(Dataset excerpts)
*-*-*
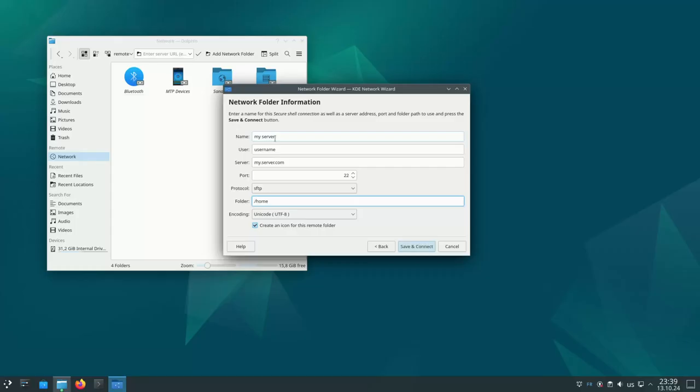Usually it's a good idea to use your home directory, so I enter /home/username and then click on save and connect. I've already prepared a server so I'm skipping this.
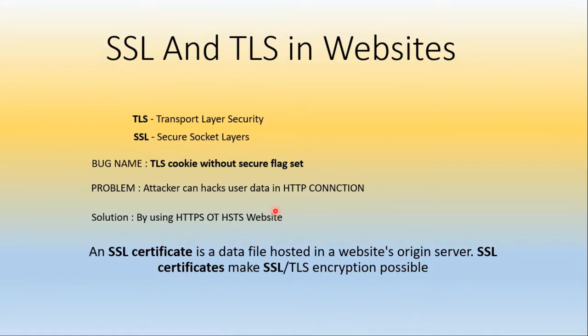Hello guys, in this video we are going to see about SSL certificate and TLS in websites.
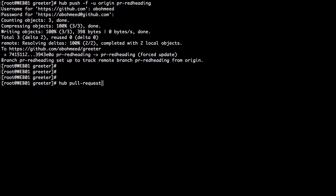What this is going to do is notify the administrator of the greeter project. We are pretending that we do not have write access to the master branch. We created a new branch called pr-red-heading, and we are notifying whoever has write access to the master branch of greeter that we want to make a change — we want to change the color of the hello heading to red instead of default black. This can be done by visiting GitHub.com or locally from your machine using hub pull-request.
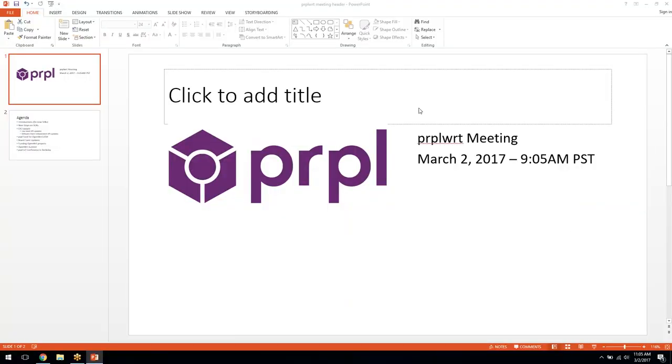Please let me know if you can see that. Yep. Awesome. Thank you, Paul.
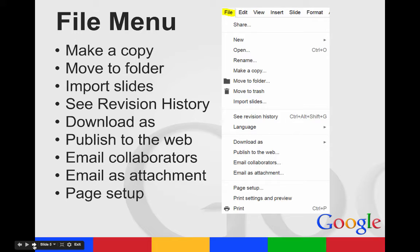Your file menu has similar features to the other Google apps. You can make a copy, move it to a different folder, import slides from somewhere else, see your revision history, download it as another file type, publish it to the web, email your collaborators, email attachments, or set up your page.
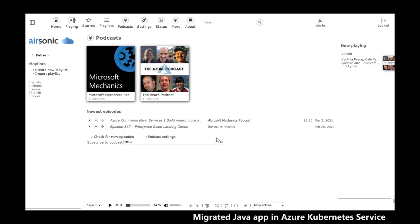And there you have it. Using the Azure Migrate App containerization tool, I was able to take a Java-based web application running on servers, containerize it through a templatized process, and migrate it to AKS. That's how easy it is to migrate your applications to AKS.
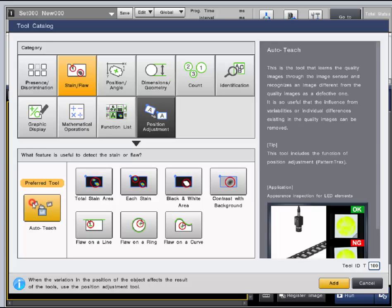The stain flaw category also offers the auto-teach tool, which should be set up with 30 plus good images just like in the presence discrimination category. The difference in the stain flaw category is that it will output a stain volume instead of match percentage.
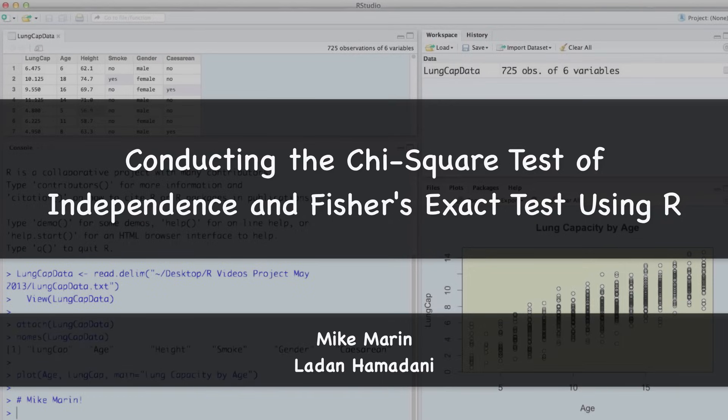Hi, I'm Mike Marin and in this video we'll talk about how to conduct the chi-square test of independence as well as Fisher's exact test using R.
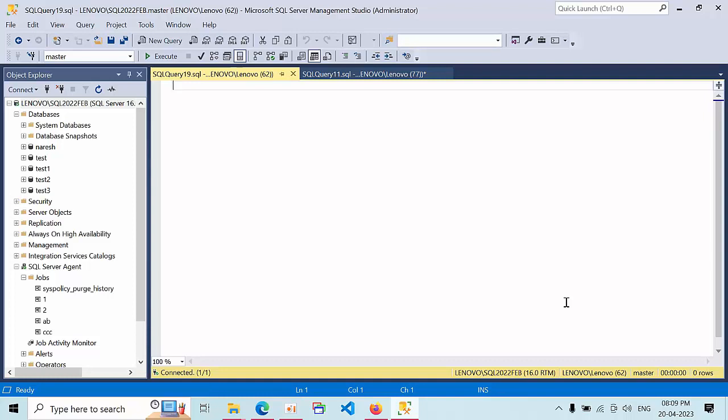Hello friends! Today I am going to show you how to change the job owner in SQL Server.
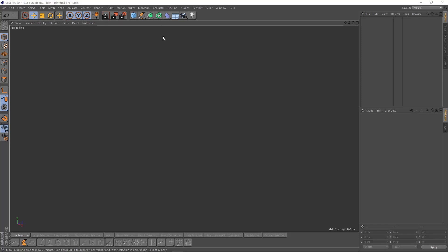Hello, in this video we will try to create stitch effects in Cinema 4D.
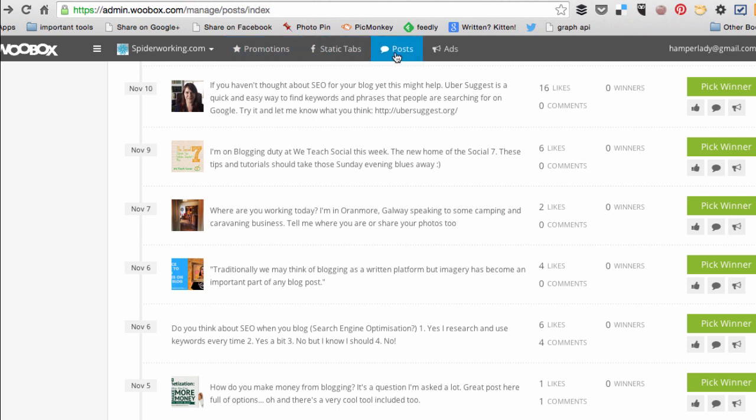Once you have, if you click on posts on the top menu bar, it'll bring in all the posts from the selected Facebook page and then you can choose the one that you want to pick a winner from.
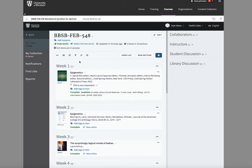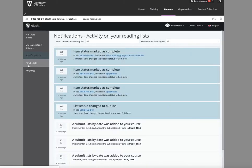You'll receive notifications about these changes and the things that the library does to work on your list as they happen. On a daily basis, there'll be an email notification updating you on all the work that's been done on your list. In addition, you can log in directly to Leganto through Blackboard at any time and click on the notification button to see if there are any updates that have occurred to your list.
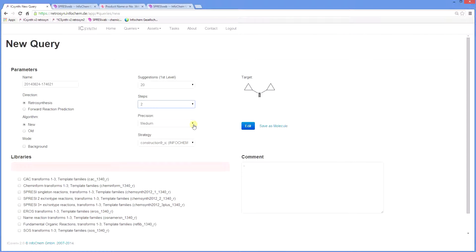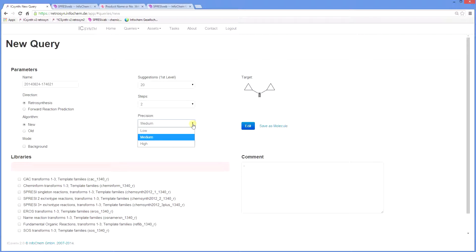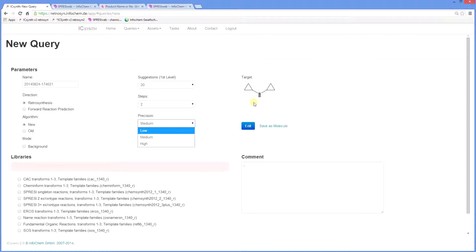The default precision is set at medium, but it can range from high to low. This controls the size of the structure template in the knowledge base that matches the target molecule. High precision gives only very closely matched templates to your target, so fewer answers may be obtained.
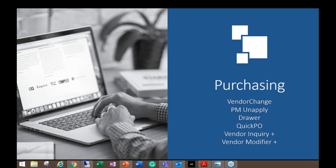Everyone should be seeing my screen. We have over 50 WS tools that span across all of the modules in GP, as well as some specific ones for our Key-to-Act users. But today we'll focus on these six purchasing ones.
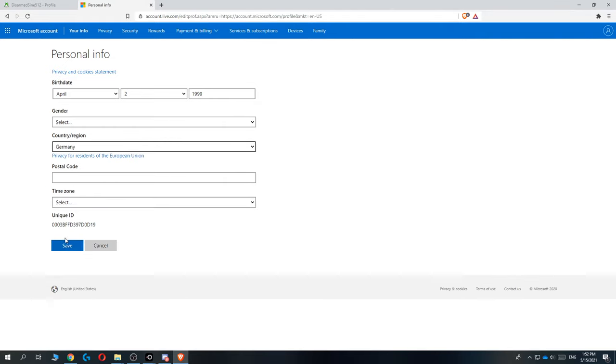There it is, and then when I hit save it will change. I'm not going to change it because I don't want to, but this is how easy it is - just hit save and then your account will be changed also on Xbox.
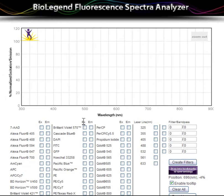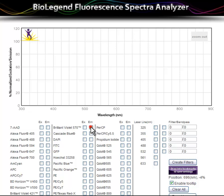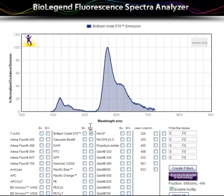To view the emission or excitation of any fluorophore listed, click the checkbox to select or deselect the desired fluorophore.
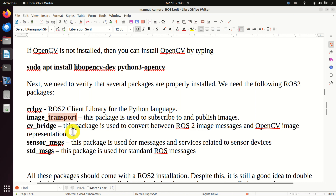Next, I need to create a CvBridge object. CvBridge is used to convert OpenCV images to ROS2 images that can be sent through the appropriate topics, and vice versa. Then, here I'm defining the name of the topic used to transfer the camera images. This topic name must match the topic name in the subscriber node - this is very important.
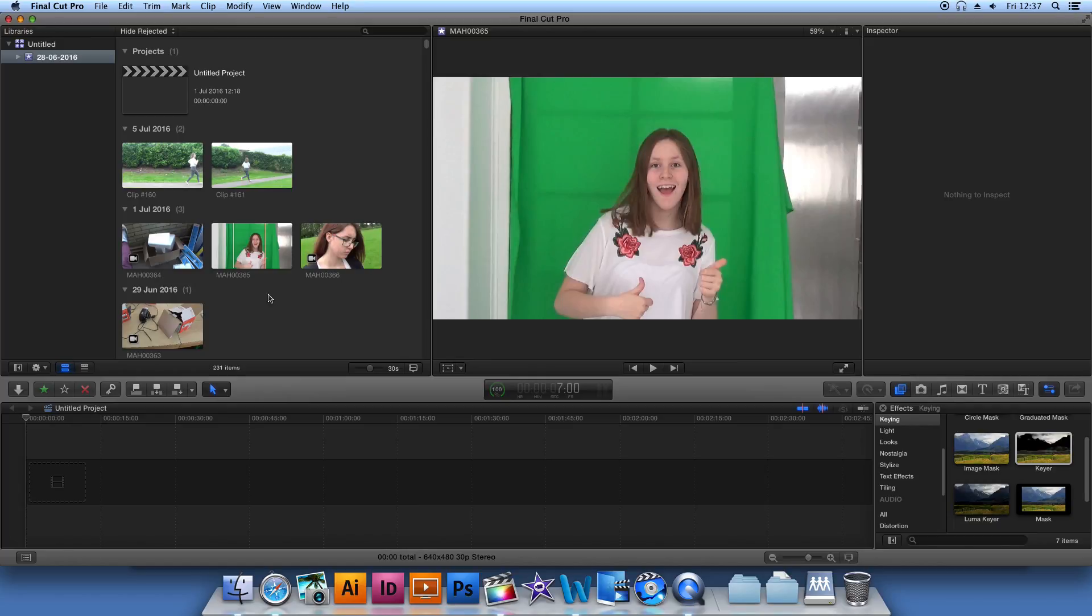Hello, this is Sam, Holly and Harry doing a small tutorial on how to edit green screen footage and how to put backgrounds on the green screen footage.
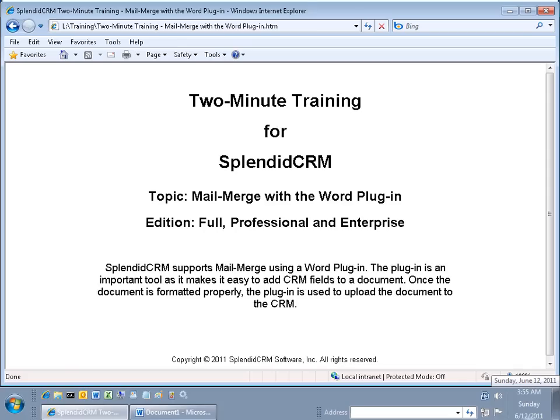Hello, my name is Paul Roney, and I'll be your guide for this two-minute training for SplendidCRM. The topic is Mail Merge with the Word Plugin, and it applies to full, professional, and enterprise editions.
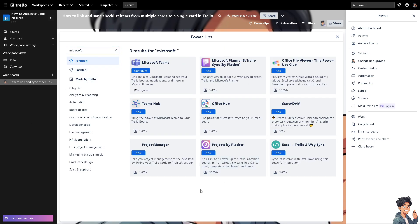Now as you can see, as of the moment, there is no Microsoft To Do in the Trello platform. But don't worry because we got you.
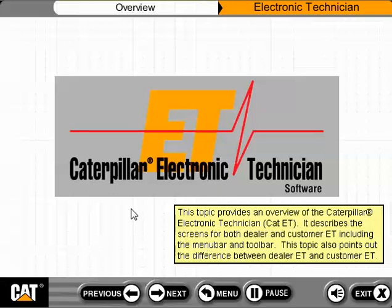This topic provides an overview of the Caterpillar Electronic Technician, or CAT ET. It describes the screens for both dealer and customer ET, including the menu bar and toolbar. This topic also points out the difference between dealer ET and customer ET.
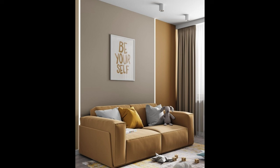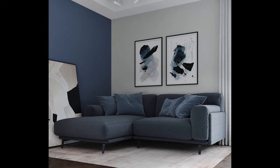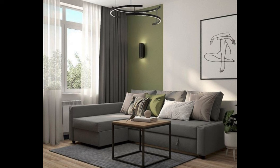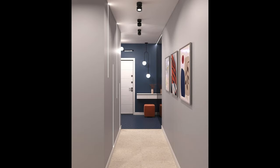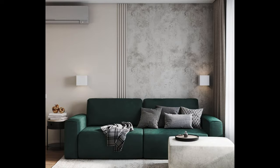Test paint samples: once you've narrowed down your paint color options, it is essential to test them in your home's lighting conditions. Paint small sections of each wall with sample colors and observe how they look throughout the day in both natural and artificial light. Consider how the colors interact with other elements in the room, such as furniture, flooring, and decor.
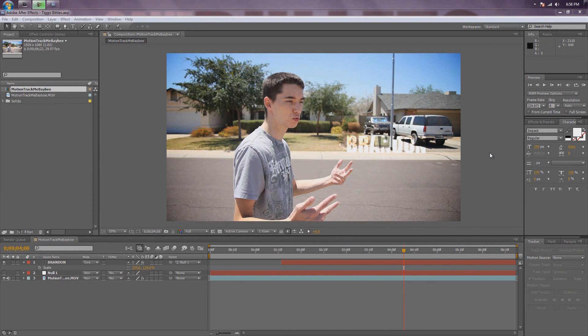Hey guys, this is Elias Sims from SwitchToCheckIt.com, here with the first After Effects Fridays we've ever done.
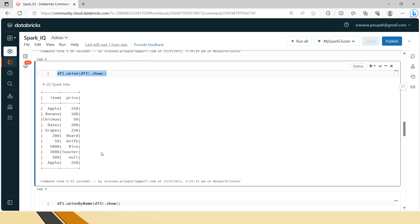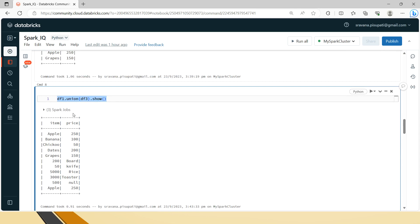There is an important rule for union: all data frames being unioned must contain the same number of columns and they must be in the same order. Since union all has no difference from union, I haven't demonstrated it separately — it would produce the same result.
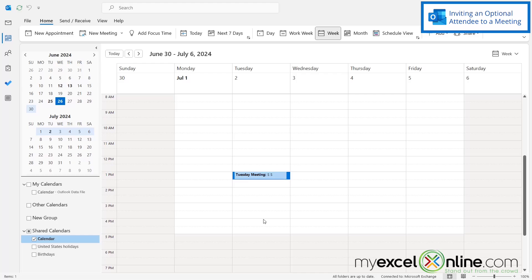Sometimes it's possible to schedule a meeting in Outlook where you have people that are required to come, and then you have people who you would like to show up but you understand that they may or may not be able to make it. Those are called optional attendees.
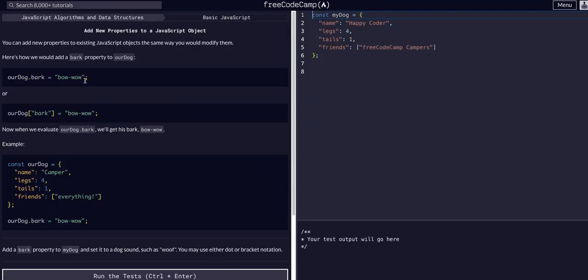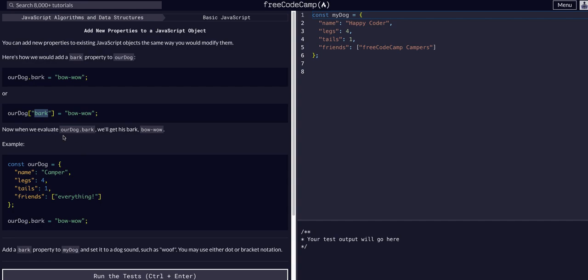If you didn't watch the last two or three videos I've done, or at least done those challenges, this may not make sense if you don't know dot notation or bracket notation. All we're going to do is add a new property. To do that, we can just use dot notation or bracket notation and specify a specific key and value that do not already exist.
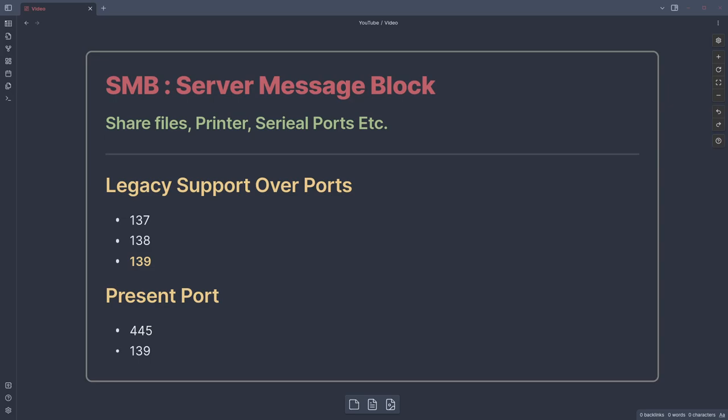Hey, what is up everybody, this is Flair Access, and today we'll be discussing how we can enumerate SMB shares. SMB stands for Server Message Block, which allows you to share files, printers, and serial ports on your network. You can expose them to the internet as well. When I say shares, that simply means your file system — like your home directory, download folder, document folder — you can expose these to your network.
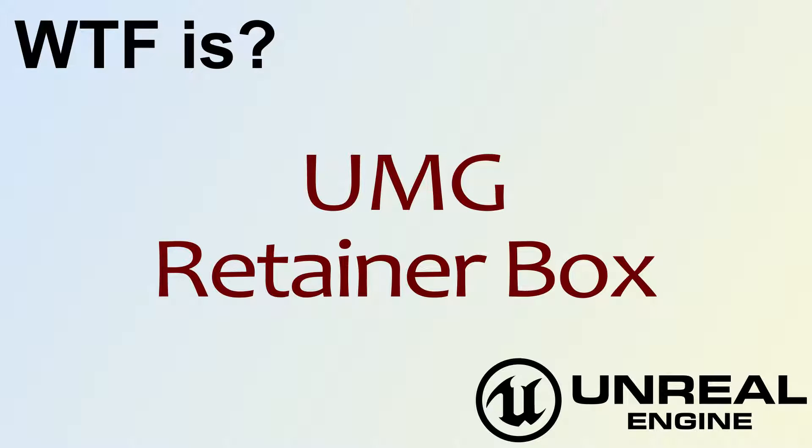Hello, welcome to video 4. What is the UMG Retainer Box?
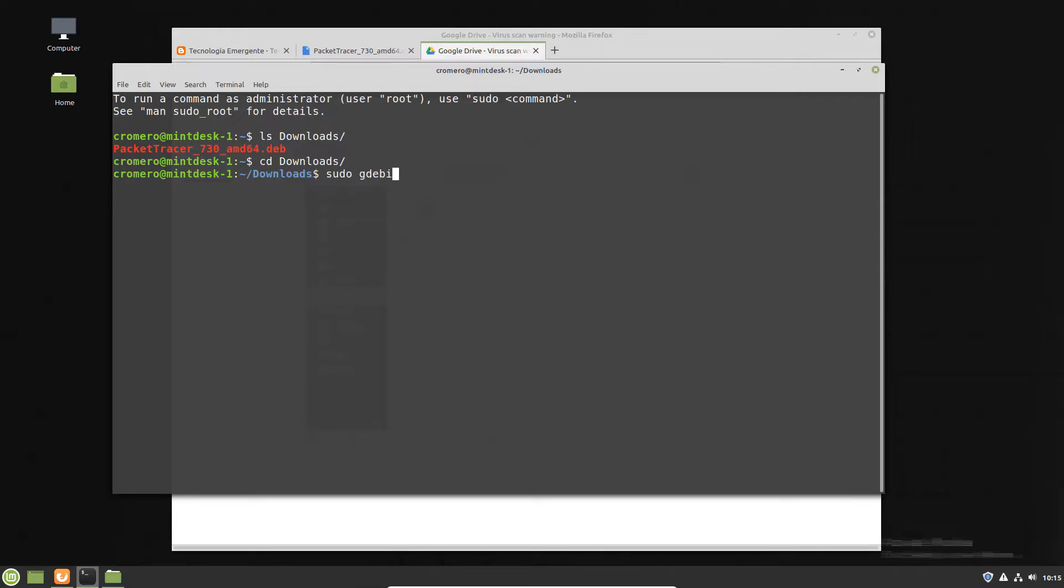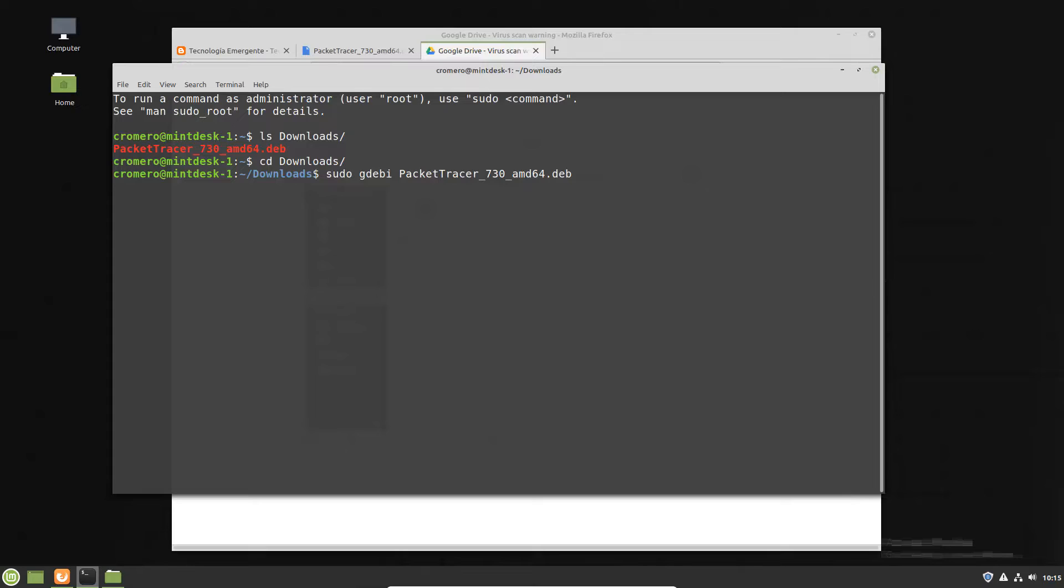Sudo dpkg -i and the name of the file. Tab to complete the name and enter root password.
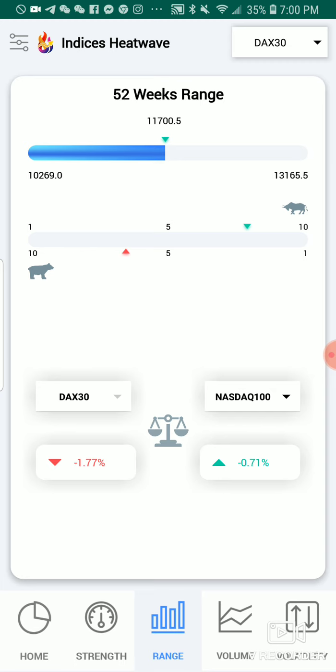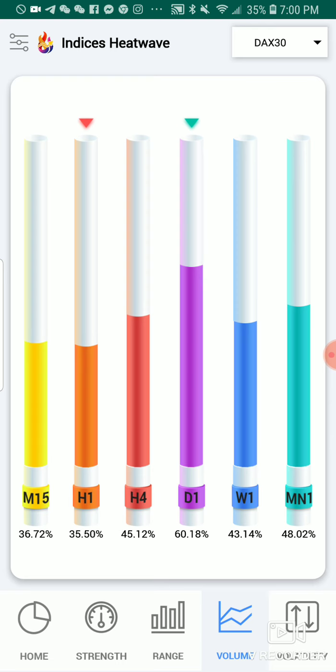The next screen is volume. Once again you can change the index here. This screen shows the volume component of the indexes, showing how much volume is allocated in each timeframe for the index selected in the top right drop down. It shows the 15 minutes, the one hour, the four hour, the daily, the weekly, and the monthly, giving you the volume on each timeframe.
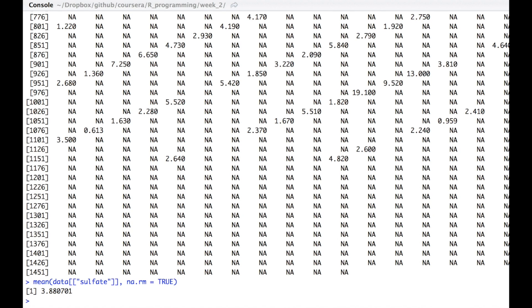This dollar sign issue was throwing our function off and making it incorrect last time. We need to use double bracket indexing here. Now we're pretty much ready to put this all together and finish our first function.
*-*-*
## [Problem details]
Would you restate, exactly and with no pictures, the lines of the entries above from the one containing "Hello, in this" through the one containing "There it is, and"?

## [Expected answer]
Hello, in this video we will try to create stitch effects in Cinema 4D.
Once you have, if you click on posts on the top menu bar, it'll bring in all the posts from the selected Facebook page and then you can choose the one that you want to pick a winner from.
You'll receive notifications about these changes and the things that the library does to work on your list as they happen. On a daily basis, there'll be an email notification updating you on all the work that's been done on your list. In addition, you can log in directly to Leganto through Blackboard at any time and click on the notification button to see if there are any updates that have occurred to your list.
The default precision is set at medium, but it can range from high to low. This controls the size of the structure template in the knowledge base that matches the target molecule. High precision gives only very closely matched templates to your target, so fewer answers may be obtained.
Everyone should be seeing my screen. We have over 50 WS tools that span across all of the modules in GP, as well as some specific ones for our Key-to-Act users. But today we'll focus on these six purchasing ones.
There it is, and then when I hit save it will change. I'm not going to change it because I don't want to, but this is how easy it is - just hit save and then your account will be changed also on Xbox.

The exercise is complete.